Defendant Heitman asked Mr. Weitzman where Z.W. was, but he refused to provide the address of her daycare. (Dkt. No. 33-1 at 99.) Defendant Heitman states in her declaration that she became increasingly concerned for Z.W.'s safety and welfare based on Mr. Weitzman's behavior, because he appeared paranoid and unstable. (Dkt. No. 34 at 4.) She also states that she asked Mr. Weitzman if she could interview him outside of the front of her police vehicle so that his statement could be recorded, and that Mr. Weitzman agreed to be interviewed. (Id.) Mr. Weitzman contends Defendants Heitman and Inouye asked him to come downstairs so that they could provide him with a copy of their report, and then ordered him to sit on the hood of Defendant Heitman's car and questioned him. (Dkt. No. 33-1 at 99-102.) Defendant Heitman asked Mr. Blatt to stand a few feet away from Mr. Weitzman during the interview. (Id. at 102.) Defendant Heitman again asked Mr. Weitzman for the address of Z.W.'s daycare, but Mr. Weitzman refused to provide it. (Dkt. No. 33-1 at 103-04.) Defendant Heitman states in her declaration that, during this interview, she noted discrepancies in Mr. Weitzman's account, and became increasingly suspicious of Mr. Weitzman and Mr. Blatt. (Dkt. No. 34 at 4.)

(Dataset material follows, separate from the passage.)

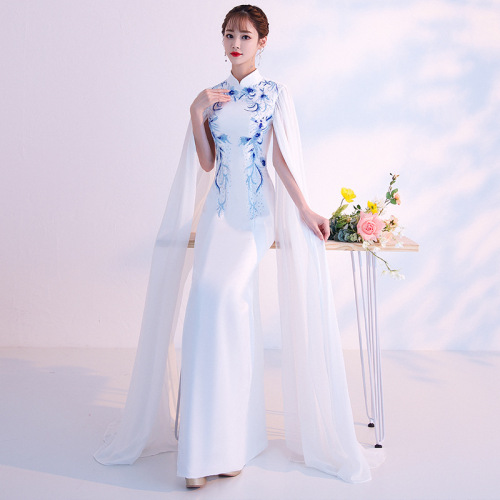 Women Chinese dress chite qipao dress singers performance Cheongsam white chorus retro dress Dress Embroidery show cheongsam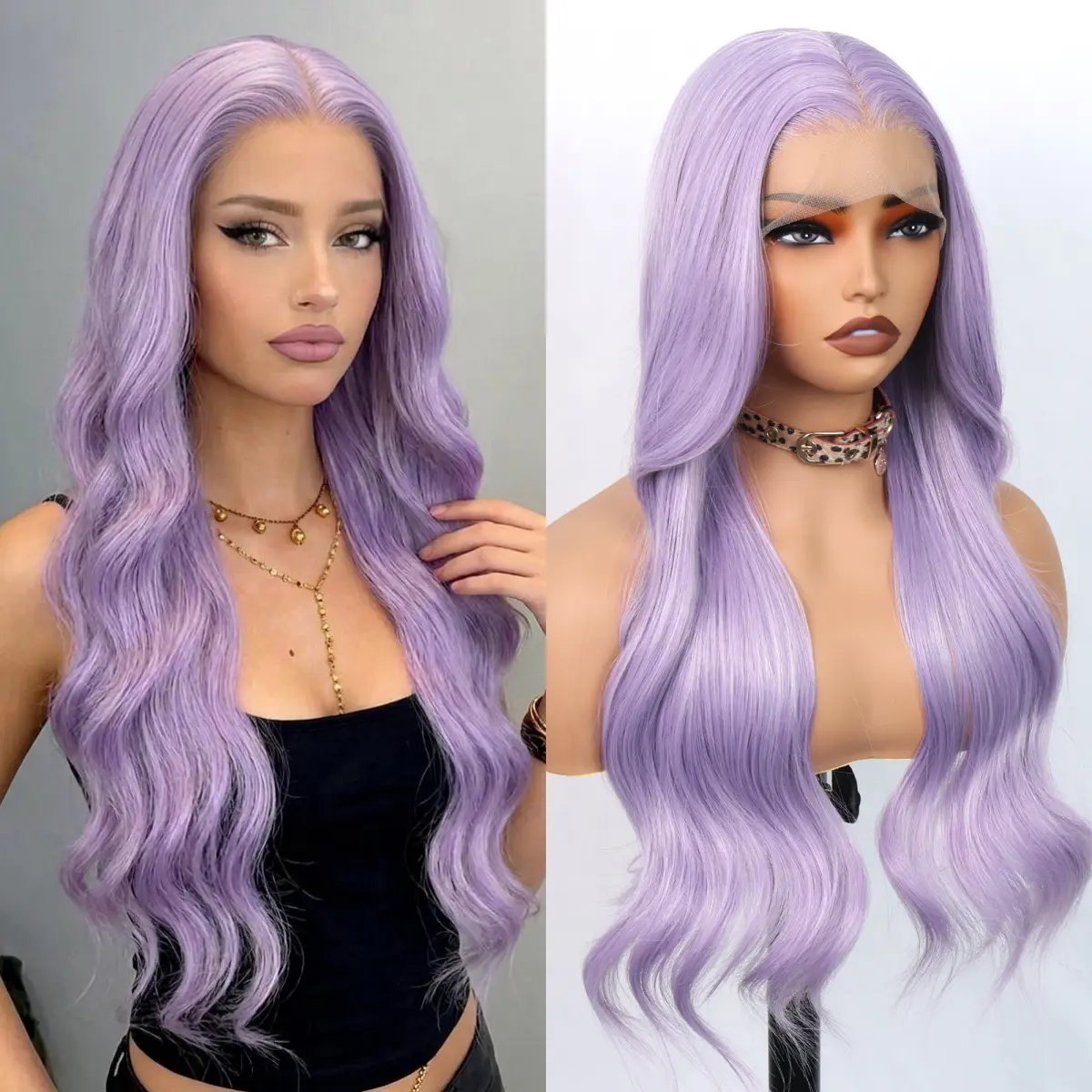 Aodbar hairs Light Purple Long Body Wavy Lace Frontal Wig Daily Style 13*4 HD Transparent Lace Wig  Long Lanvender Purple Wavy Wig Glueless Synthetic Lace Front Wig Body Wave Pre Cut Frontlace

While Defendant Heitman was interviewing Mr. Weitzman, Mr. Blatt left the scene. (Dkt. No. 39 at 6.) Mr. Blatt testified at his deposition that he picked Z.W. up from daycare and drove to a friend's house. (Dkt. No. 33-2 at 19.) Mr. Weitzman states in his declaration that he told Mr. Blatt to keep Z.W. away from the police, and to take her to an attorney in the morning. (Dkt. No. 38 at 5.) During this time, Defendants tried to call Mr. Blatt, but were unable to reach him at the number he had provided. (Dkt. No. 34 at 5.) Defendants contend that, over the next few hours, Mr. Weitzman attempted to reach Mr. Blatt by a variety of means, at times with prompting from Defendants. (Id.) Mr. Weitzman states in his declaration that Defendants ordered him to make calls to Mr. Blatt. (Dkt. No. 38 at 7.) Defendant Heitman states in her declaration that, at one point, Mr. Blatt called and, while on speaker phone, she informed him of the seriousness of the situation and requested that he return with Z.W. (Dkt. No. 34 at 5.) Mr. Blatt states in his declaration that he could not hear what Defendant Heitman was saying. (Dkt. No. 39 at 7.)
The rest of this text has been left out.